The rules that govern the internet and what kind of access you have to certain sites could be changing very soon.

Most of us get on our devices without thinking too much about how the back end works.

Your device connects to your internet provider, usually a cable or phone company. Comcast is the biggest one in the nation.

That provider connects you to all the online services you want to use.

"Net Neutrality" isn't that complicated-- you're looking at a basic picture of it.


Notice how all of the connections to these services are equal. You get decent speed watching a show on Netflix or a live video on Facebook.
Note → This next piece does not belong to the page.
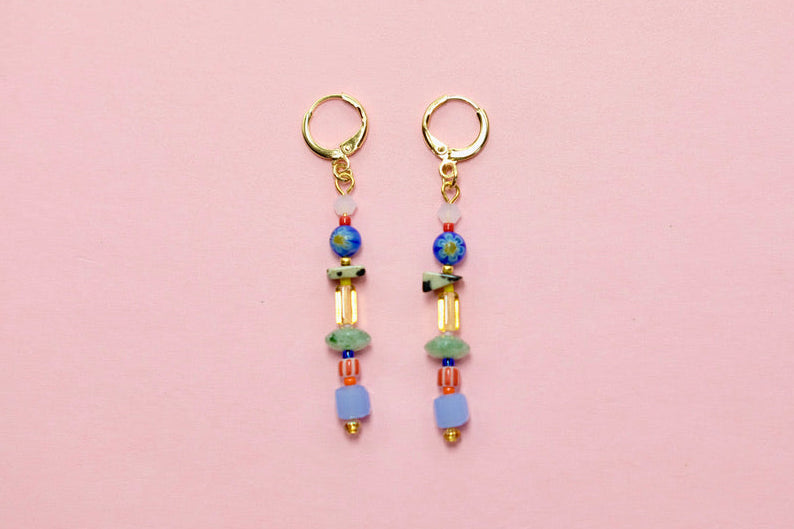 Pair of beaded earrings on a pink background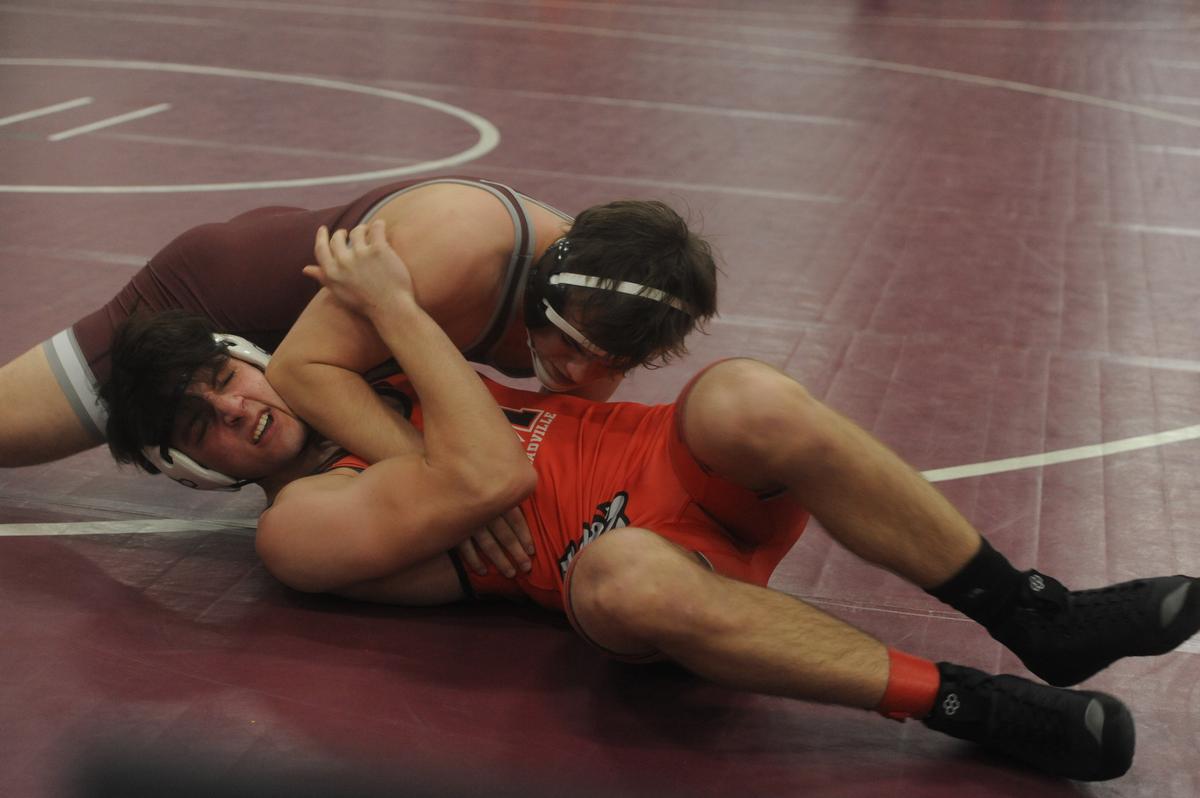 State College’s Carter Weaverling looks to pin Meadville’s Ty Tidball in their 172-pound quarterfinals match of the PIAA Class 3A Northwest Regional Championships on Friday, Feb. 24, 2023 in Altoona. Weaverling did pin Tidball in 1:03.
The idea is that the internet is like a utility. You pay for internet and you get connected to everything on it the same way.

So what's the other way?

*It* says things don't need to be equal. *It* says your provider is a business and it should be allowed to make deals with online companies.

One example is called a "fast lane."

Amazon, lets say comes out with a hot new show and it wants to pump it out in Super Hi-Def to everyone.

Amazon would pay Comcast for a better connection to you to handle all that data. To help make that happen, providers like Comcast could do what's called "throttling."

Amazon pays for a better connection, so Comcast might slow down the connection that goes to Netflix or Facebook for example, because Amazon paid for better speed to reach you.

And the most dramatic extreme is "blocking." Say Facebook is taking up lots of data, Comcast wants them to pay up. They can't reach a deal. Comcast could cut them off and now you don't have Facebook at all if you're a Comcast customer.

A big argument for this new way is that it would encourage new technology-- like the next Super-Duper-Hi-Def, 3D, total immersion show that Amazon might cook up.

A big argument against is that if a new company creates something awesome, it may not ever be able to connect to you, because startups don't have piles of cash to pay for a bigger pipeline.

So it never gets off the ground.

It's a real difference in philosophy with big money on both sides. And both claiming to be on the side of freedom.

One side claims freedom of competition in the marketplace.

The other freedom of access... to the internet itself.

The FCC's vote on net neutrality is slated for next Thursday. It is expected to pass. Experts say net neutrality advocates will likely take the FCC to court if that happens.